The result should consist solely of the line containing "hole 8 description" and the lines that follow it below, each reproduced exactly, the last line included.

[[ Data records, beginning ]]

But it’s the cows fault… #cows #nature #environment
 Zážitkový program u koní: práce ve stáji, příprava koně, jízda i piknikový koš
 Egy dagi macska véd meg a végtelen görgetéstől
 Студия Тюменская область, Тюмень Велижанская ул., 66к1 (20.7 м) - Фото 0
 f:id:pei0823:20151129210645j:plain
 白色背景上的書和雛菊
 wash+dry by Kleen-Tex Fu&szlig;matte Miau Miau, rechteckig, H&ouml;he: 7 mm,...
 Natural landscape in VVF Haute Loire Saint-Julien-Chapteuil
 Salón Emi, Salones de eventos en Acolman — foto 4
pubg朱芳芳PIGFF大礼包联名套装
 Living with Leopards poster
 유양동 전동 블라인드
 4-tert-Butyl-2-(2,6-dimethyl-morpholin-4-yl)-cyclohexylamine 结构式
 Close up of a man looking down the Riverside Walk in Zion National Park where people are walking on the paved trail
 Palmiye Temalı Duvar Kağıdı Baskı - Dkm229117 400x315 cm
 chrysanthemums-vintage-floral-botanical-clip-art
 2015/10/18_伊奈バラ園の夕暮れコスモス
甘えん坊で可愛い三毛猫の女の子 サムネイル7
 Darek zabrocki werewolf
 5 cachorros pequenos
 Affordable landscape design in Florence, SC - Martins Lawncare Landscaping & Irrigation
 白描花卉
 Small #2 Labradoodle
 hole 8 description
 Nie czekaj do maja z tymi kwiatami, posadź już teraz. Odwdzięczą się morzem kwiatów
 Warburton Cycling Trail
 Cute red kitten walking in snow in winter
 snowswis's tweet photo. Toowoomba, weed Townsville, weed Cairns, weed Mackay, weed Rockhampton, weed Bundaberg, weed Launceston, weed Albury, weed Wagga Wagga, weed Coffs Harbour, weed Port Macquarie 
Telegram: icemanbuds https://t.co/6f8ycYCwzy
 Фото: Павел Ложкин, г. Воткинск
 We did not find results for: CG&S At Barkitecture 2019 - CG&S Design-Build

[[ Data records, end ]]

-- Problem solution --
 hole 8 description
 Nie czekaj do maja z tymi kwiatami, posadź już teraz. Odwdzięczą się morzem kwiatów
 Warburton Cycling Trail
 Cute red kitten walking in snow in winter
 snowswis's tweet photo. Toowoomba, weed Townsville, weed Cairns, weed Mackay, weed Rockhampton, weed Bundaberg, weed Launceston, weed Albury, weed Wagga Wagga, weed Coffs Harbour, weed Port Macquarie 
Telegram: icemanbuds https://t.co/6f8ycYCwzy
 Фото: Павел Ложкин, г. Воткинск
 We did not find results for: CG&S At Barkitecture 2019 - CG&S Design-Build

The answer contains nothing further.